Both consumers and enterprises collaborate on the cloud as creators or as users.
• User-to-user collaboration is similar to traditional communication channels like telephones, that they communicate in the same capacity.
• Creator-to-user collaboration is similar to broadcast channels like newspapers and TV. It enables creators to have one-to-many communication with users and puts them above users.
However, unlike newspapers and televisions, collaboration on cloud has democratised information dissemination and enables ordinary users to become creators. You don’t have to be a superstar to be able to broadcast information. The new media revolutions like the recent Lokpal campaign and Egypt revolution are a standing example of consumer collaboration, where ordinary citizens have become broadcasters of an idea.

On the enterprise side, collaboration is taking democratisation to a new level. In most enterprises, the IT department is an expensive bottleneck. Getting them to make you a simple web form could take months.

• Google Forms has made this process of creating web forms simple enough for ordinary users. Now if the marketing department wants to put together a form and get an opinion about a market idea from their employees and partners, they can do it themselves in a matter of minutes.

• Similarly, Orange Scape allows process owners to build processes themselves and publish it to their department users. You don’t need sophisticated tools and infrastructure to do this anymore.

This creator-user collaboration is bound to explode and liberate users to experience the full benefit of technology on the cloud.

Utility value of collaboration
In 1980, Robert Metcalfe proposed Metcalfe’s law which states that the value of a network is proportional to the number of connected users of the system. For example, a single telephone is useless. Two telephones are useful only for each other. But the value of every telephone increases with the total number of telephone in the network, because the total number of people with whom each person can talk increases. Every collaboration network works as the telephone network described above. The greater the number of users with the service, the more valuable the service becomes to the community. Deriving from Metcalfe’s Law, every new “friend” accepted or added on these social networking sites makes the user’s profile ever more valuable in terms of the law.

An interesting corollary of this law is that the cost of the network decreases as the number of users in the network increases. When we have two users on the telephone network, the cost of the network has to be shared be those two people. But when it is used by millions of people the cost of network is shared by millions of people. This increasing utility value, but decreasing cost of collaboration, is the characteristic that makes cloud a sustainable business model. It has also given birth to the free and freemium business models that were never possible earlier.

Network effect – the vendor’s honey trap
Google and Microsoft struggling to create a social networking service that can rival Facebook and Twitter is no accident. Once a service achieves mass adoption, it is difficult to beat that service by feature-set. Today, even if Google or Microsoft comes up with a better social networking service, it will be an uphill task to convert a Facebook user to a Google+ user, since all the users’ friends and collaboration history will remain in Facebook. Think about having to reconnect with all your professional contacts in LinkedIn in another professional networking site. That’s the reason for the huge valuation of LinkedIn and Facebook.

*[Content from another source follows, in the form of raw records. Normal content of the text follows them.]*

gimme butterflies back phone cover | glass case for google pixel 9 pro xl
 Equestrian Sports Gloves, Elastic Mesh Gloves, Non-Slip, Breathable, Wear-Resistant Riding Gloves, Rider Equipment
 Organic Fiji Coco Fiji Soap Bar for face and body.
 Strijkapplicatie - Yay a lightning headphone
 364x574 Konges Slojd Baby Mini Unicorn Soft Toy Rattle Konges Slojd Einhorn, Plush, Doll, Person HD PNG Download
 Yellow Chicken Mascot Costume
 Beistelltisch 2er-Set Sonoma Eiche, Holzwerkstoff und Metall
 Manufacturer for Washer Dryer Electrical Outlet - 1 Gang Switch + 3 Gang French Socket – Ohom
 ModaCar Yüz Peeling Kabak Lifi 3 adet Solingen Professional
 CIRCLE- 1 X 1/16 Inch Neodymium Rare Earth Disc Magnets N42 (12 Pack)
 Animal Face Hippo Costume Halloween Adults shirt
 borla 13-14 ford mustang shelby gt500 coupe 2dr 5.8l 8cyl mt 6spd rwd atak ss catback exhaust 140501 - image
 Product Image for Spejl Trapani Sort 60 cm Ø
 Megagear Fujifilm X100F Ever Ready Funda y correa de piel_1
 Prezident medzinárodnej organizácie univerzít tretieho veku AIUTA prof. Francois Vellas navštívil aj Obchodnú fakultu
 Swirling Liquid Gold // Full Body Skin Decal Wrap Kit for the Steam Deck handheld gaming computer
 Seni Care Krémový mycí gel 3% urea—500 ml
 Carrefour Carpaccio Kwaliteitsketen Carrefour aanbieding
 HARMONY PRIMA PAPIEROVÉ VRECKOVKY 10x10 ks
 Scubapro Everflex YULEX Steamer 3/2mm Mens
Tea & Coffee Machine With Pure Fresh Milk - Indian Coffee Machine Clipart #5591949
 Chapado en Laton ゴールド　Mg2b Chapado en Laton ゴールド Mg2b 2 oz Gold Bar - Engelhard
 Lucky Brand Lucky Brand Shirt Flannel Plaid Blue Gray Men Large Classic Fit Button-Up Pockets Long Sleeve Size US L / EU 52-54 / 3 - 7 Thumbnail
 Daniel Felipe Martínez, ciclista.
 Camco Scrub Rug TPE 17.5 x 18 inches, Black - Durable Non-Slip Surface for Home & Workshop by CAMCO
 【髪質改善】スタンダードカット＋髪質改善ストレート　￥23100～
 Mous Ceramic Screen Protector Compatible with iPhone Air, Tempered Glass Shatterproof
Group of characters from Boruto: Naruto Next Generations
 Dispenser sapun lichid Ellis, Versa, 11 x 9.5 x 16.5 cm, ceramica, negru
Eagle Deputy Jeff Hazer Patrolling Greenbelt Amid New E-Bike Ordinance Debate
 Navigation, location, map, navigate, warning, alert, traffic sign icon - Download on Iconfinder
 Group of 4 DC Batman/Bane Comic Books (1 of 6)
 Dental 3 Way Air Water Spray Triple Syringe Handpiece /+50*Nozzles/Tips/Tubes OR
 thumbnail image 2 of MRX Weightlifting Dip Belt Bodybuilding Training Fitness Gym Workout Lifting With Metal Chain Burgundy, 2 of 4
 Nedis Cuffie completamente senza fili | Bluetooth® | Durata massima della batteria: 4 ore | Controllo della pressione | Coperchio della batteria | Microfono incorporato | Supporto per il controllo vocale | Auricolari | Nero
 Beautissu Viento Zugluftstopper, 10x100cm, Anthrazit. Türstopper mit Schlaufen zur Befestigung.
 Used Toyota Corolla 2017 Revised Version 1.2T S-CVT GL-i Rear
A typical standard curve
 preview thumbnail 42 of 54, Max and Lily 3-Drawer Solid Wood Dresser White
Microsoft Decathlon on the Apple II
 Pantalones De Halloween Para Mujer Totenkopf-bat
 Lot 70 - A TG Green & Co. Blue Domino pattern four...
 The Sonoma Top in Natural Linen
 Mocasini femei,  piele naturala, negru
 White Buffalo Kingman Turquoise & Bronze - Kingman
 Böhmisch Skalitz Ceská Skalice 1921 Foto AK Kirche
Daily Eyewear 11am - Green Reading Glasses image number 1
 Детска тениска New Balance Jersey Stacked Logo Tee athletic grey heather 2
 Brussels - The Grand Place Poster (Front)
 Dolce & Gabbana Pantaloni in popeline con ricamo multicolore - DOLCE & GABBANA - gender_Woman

Thus, collaboration creates a natural stickiness even without user’s realisation. This can create a huge entry barrier for other vendors to enter the market. But, this is the key for cloud Service Company’s future. Companies such as Google and Sales force are trying to offer Google+ and Chatter as a collaboration add-on with their existing cloud services for the same reason. And it will be interesting to watch which honey trap will attract the maximum number of consumers!